[PATCH v3] genirq/matrix: Choose CPU for managed IRQs based on how many of them are allocated

public inbox for linux-kernel@vger.kernel.org
 help / color / mirror / Atom feed

* [PATCH v3] genirq/matrix: Choose CPU for managed IRQs based on how many of them are allocated
@ 2018-11-02  0:34 Long Li
  2018-11-03 15:06 ` Thomas Gleixner
  0 siblings, 1 reply; 4+ messages in thread
From: Long Li @ 2018-11-02  0:34 UTC (permalink / raw)
  To: Thomas Gleixner, linux-kernel; +Cc: Long Li

From: Long Li <longli@microsoft.com>

On a large system with multiple devices of the same class (e.g. NVMe disks,
using managed IRQs), the kernel tends to concentrate their IRQs on several
CPUs.

The issue is that when NVMe calls irq_matrix_alloc_managed(), the assigned
CPU tends to be the first several CPUs in the cpumask, because they check for
cpumap->available that will not change after managed IRQs are reserved.
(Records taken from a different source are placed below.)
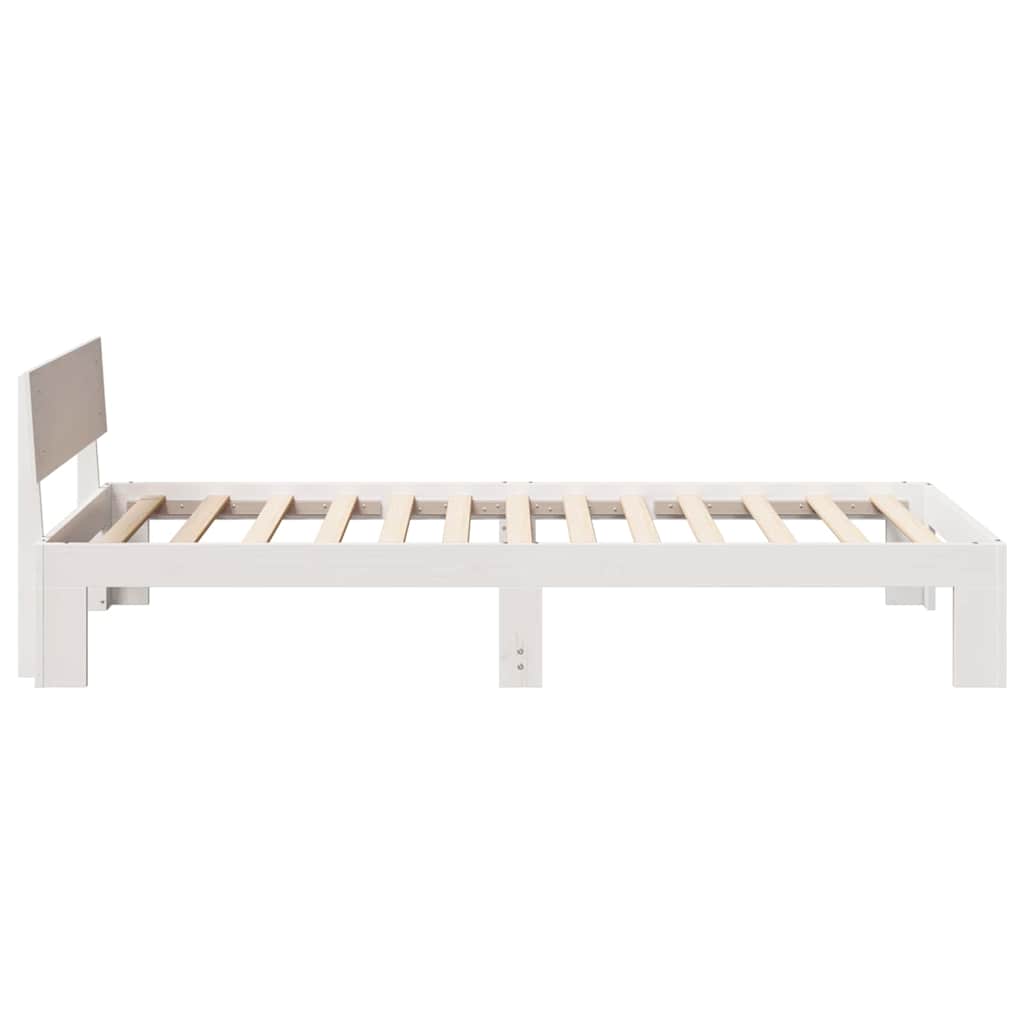 vidaXL Bed Frame with Headboard White 90 x 190 cm Solid Pine Wood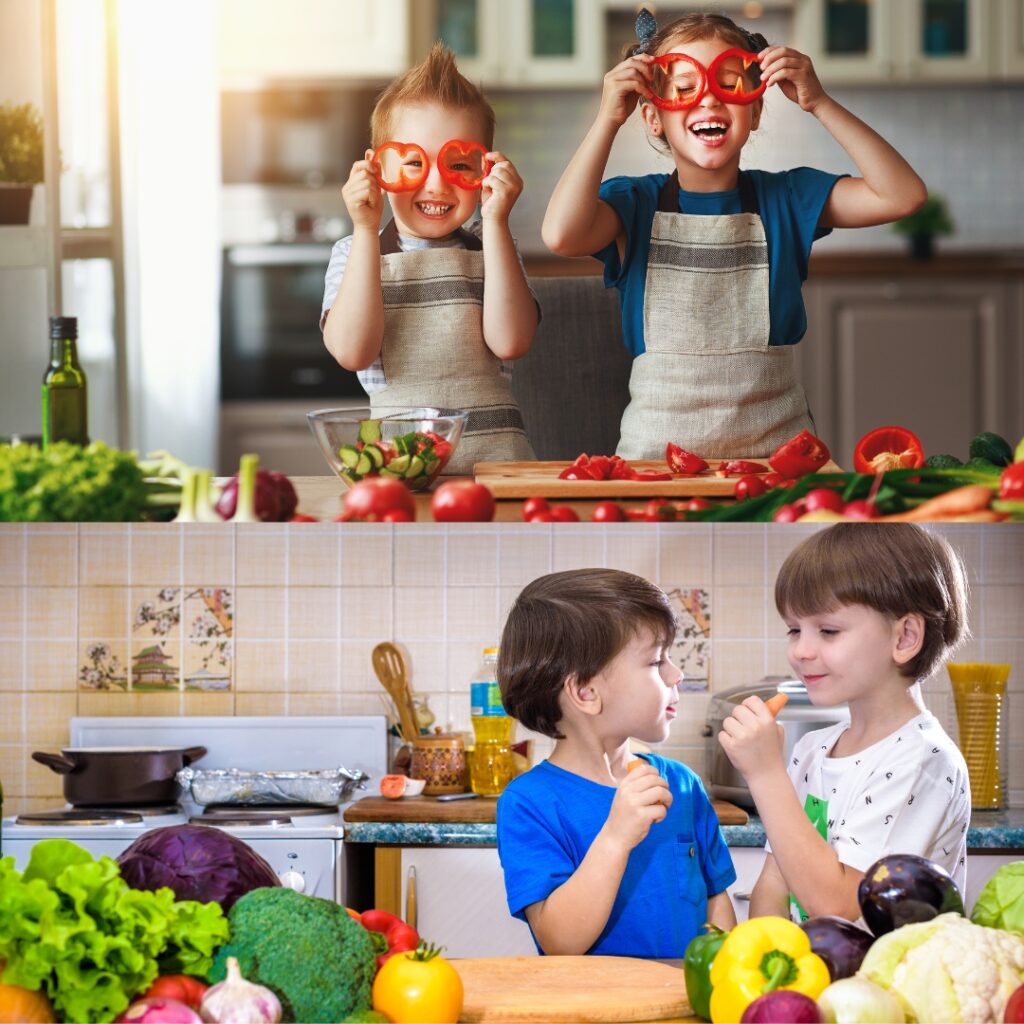 Farbenfrohes Gemüse und Obst - Rohkost für Kinder
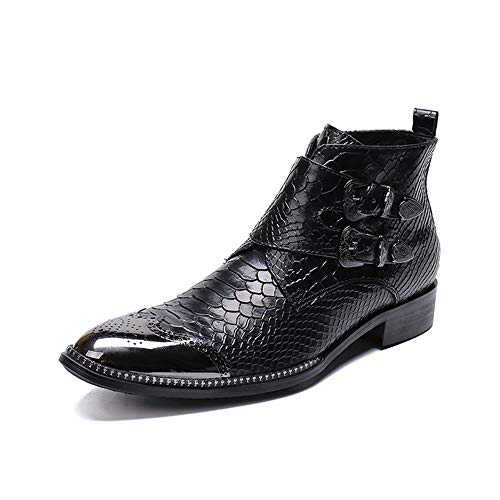 El Nuevo Botas de Tobillo for Hombre con Estampado de Animales y Punta de ala for Hombre, Botas for Mostrar Oficina for Fiesta, Cuero Puro(43 EU)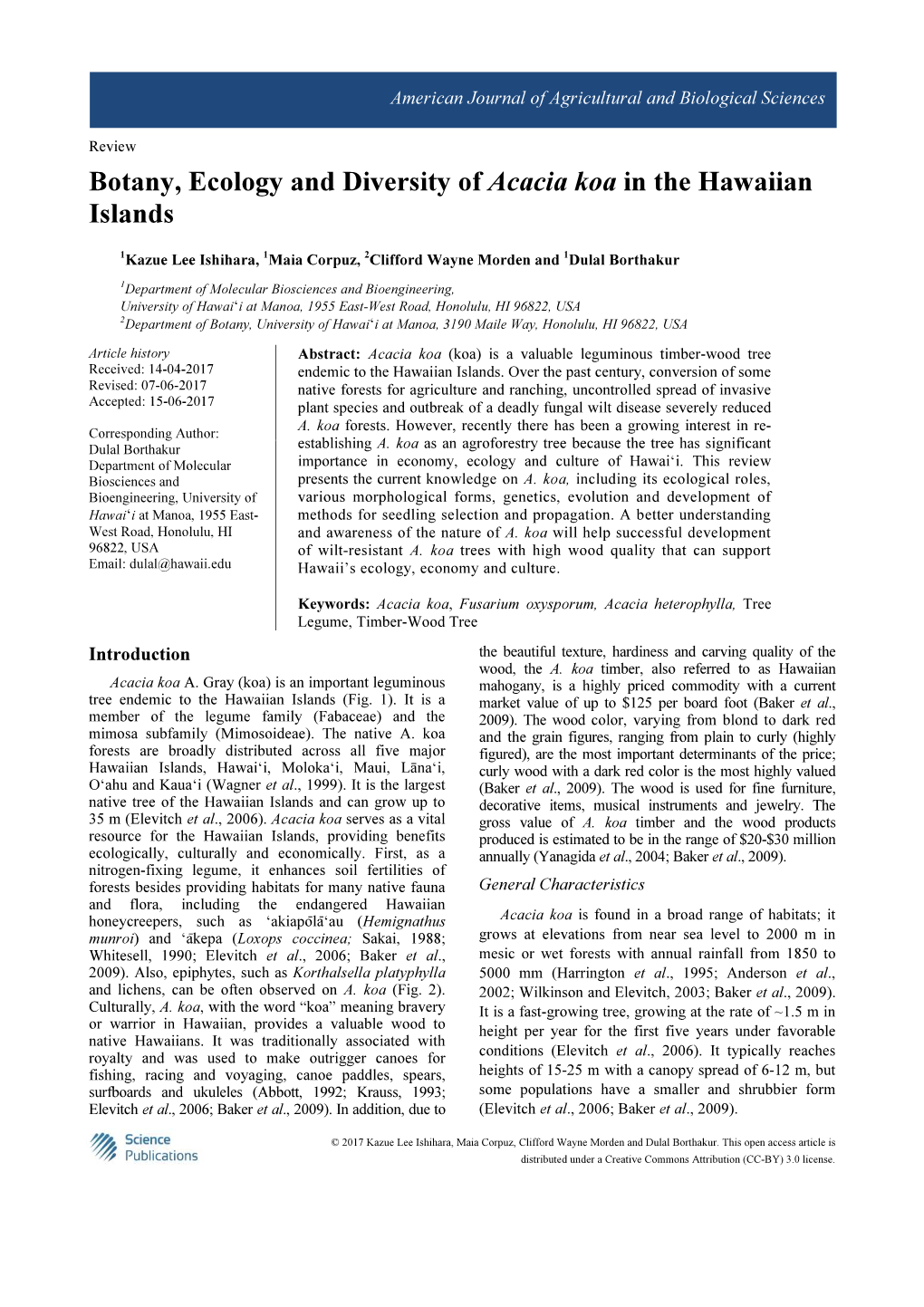 Botany, Ecology and Diversity of Acacia Koa in the Hawaiian Islands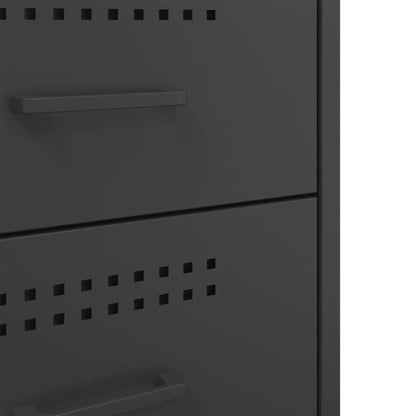 Set of 2 Black Steel Bedside Cabinets - 36x39x68 cm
For a managed IRQ, it tends to reserve more than one CPU, based on cpumask in
irq_matrix_reserve_managed. But later when actually allocating CPU for this
IRQ, only one CPU is allocated. Because "available" is calculated at the time
managed IRQ is reserved, it tends to indicate a CPU has more IRQs than the actual
number it's assigned.

To get a more even distribution for allocating managed IRQs, we need to keep track
of how many of them are allocated on a given CPU. Introduce "managed_allocated"
in struct cpumap to track those managed IRQs that are allocated on this CPU, and
change the code to use this information for deciding how to allocate CPU for
managed IRQs.

Signed-off-by: Long Li <longli@microsoft.com>
---
 kernel/irq/matrix.c | 25 ++++++++++++++++++++++++-
 1 file changed, 24 insertions(+), 1 deletion(-)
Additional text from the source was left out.